Wednesday, August 3, 2011

Why wasn't the stimulus bigger?

That's a question not many seem to want to ask. That's especially the case for many conservatives who think the federal gov't is the same as an ordinary household, or even states. To them there shouldn't have been any stimulus at all. Now that a liberal is in the white house, deficits are the worst thing ever and the reason for our economic troubles.

But the current deficit is just a symptom of our economic problems, not the cause. And the stimulus Obama signed off on is a significant chunk of the deficit. Yet we still have a really crappy economy with 9% unemployment. The stimulus was supposed to stall the decline and even add jobs. It didn't happen the way the administration said it would. Here is why:

Output in the third and fourth quarters fell by 3.7% and 8.9%, respectively, not at 0.5% and 3.8% as believed at the time. Employment was also falling much faster than estimated. Some 820,000 jobs were lost in January, rather than the 598,000 then reported. In the three months prior to the passage of stimulus, the economy cut loose 2.2m workers, not 1.8m. In January, total employment was already 1m workers below the level shown in the official data.

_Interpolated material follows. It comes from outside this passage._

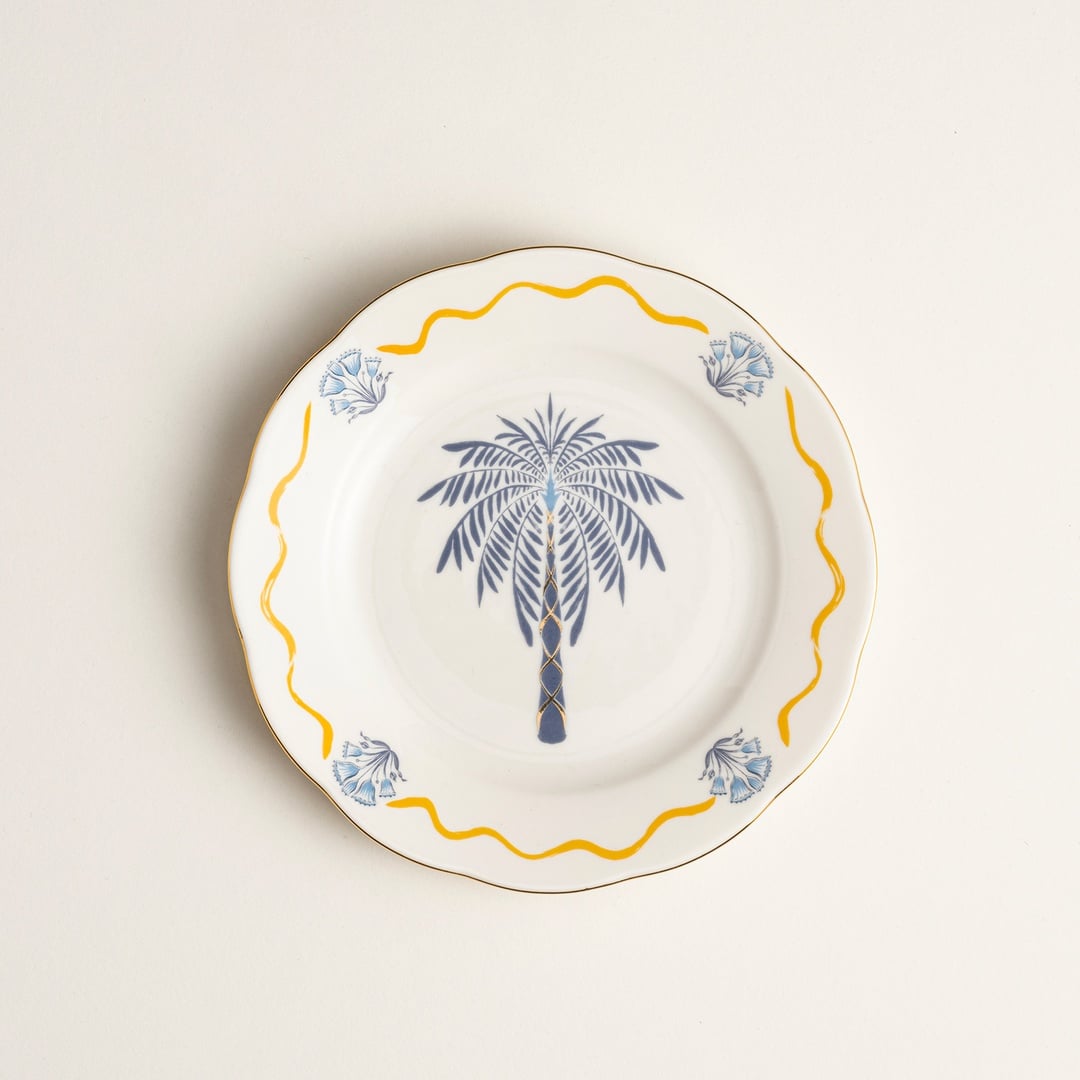 Emet Porselen Pasta Tabağı 20x20x2.4 Cm Lacıvert - Sarı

We can't know exactly how things would have played out in a world in which key policymakers had better data. If the true scope of the economic disaster in the fourth quarter had been clear, however, it seems certain that Ms Romer's models would have shown a need for more stimulus, that the White House would have agreed to push for more (and perhaps a lot more), and that Congress would have been much more receptive to a bigger bill. A drop of 8.9% does seem much more terrifying, after all, than a 3.8% decline. Bigger stimulus would have reduced the economic deterioration in subsequent months. The Fed might also have been more aggressive.

I encourage you to read the whole thing because it gives a good timeline. But basically, the economic models that determined how much money would be in the stimulus were going off of numbers that severely underestimated how many jobs were lost and how much the economy contracted. As the author says, its hard to know exactly how much more money the administration would have called for if they were working with the actual numbers. And we don't know if congress would have passed more.

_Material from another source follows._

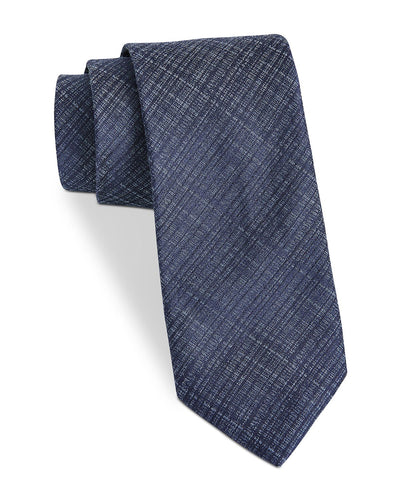 John Varvatos Star Usa Filmore Textured-plaid Classic Tie Navy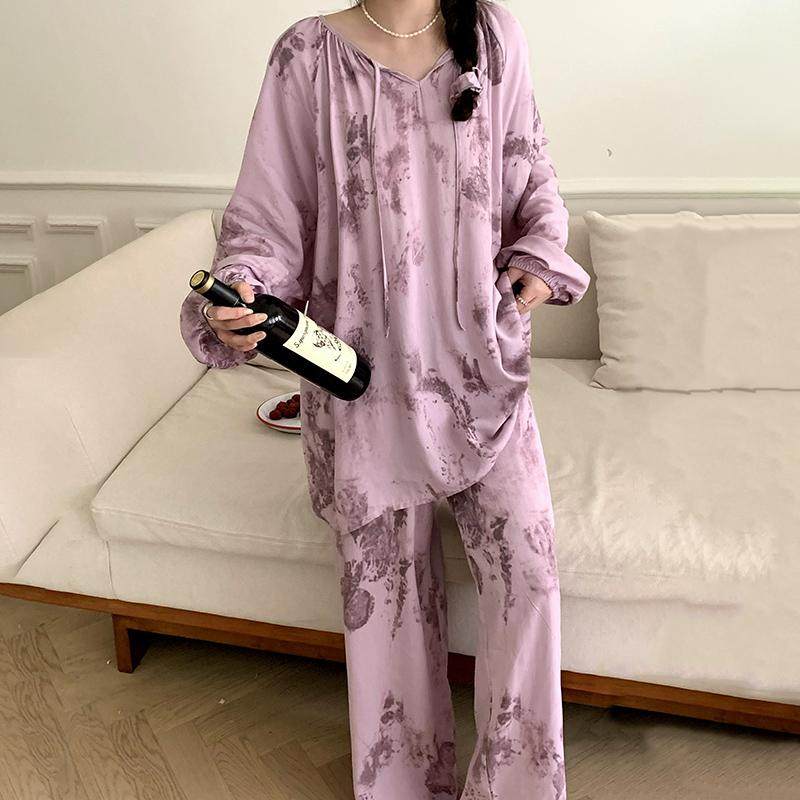 棉绸睡衣女春秋夏季长袖新中式加大码胖MM家居服国风可外穿月子服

But its important to know what happened because many people look at the situation without this context and jump to the conclusion that the stimulus did nothing and deficit spending is not the solution to recessions like the one we had. They even take the opposite view and say we need to cut spending. But in reality, we should have spent more. And we should be spending more right now. The other thing we should take away from this context is how important accurate information is. If we can't know how bad economic situations are while they are happening its extremely difficult to expect the people in charge of policy to be able to get the right policy enacted. I think Matt Yglesias' suggest of more automatic stabilizers is probably the best solution to that problem.

As for the effects of all of this (the actual stimulus and a hypothetically bigger one) on the deficit, it doesn't matter right now. Or if you insist it does, it surely doesn't matter more than the millions of people unemployed right now. What the hysteria over the deficit really is about is people not understand economics. They view the deficit as the cause of the problem instead of the symptom. So they think that cutting it will improve the economy. What we need to do is better inform people that this is the opposite of what we should be doing. And its certainly something Obama and Democrats should have done a better job of explaining. Because from now on it will probably be more difficult to enact stimulus spending when we need it. And that will just prolong economic suffering.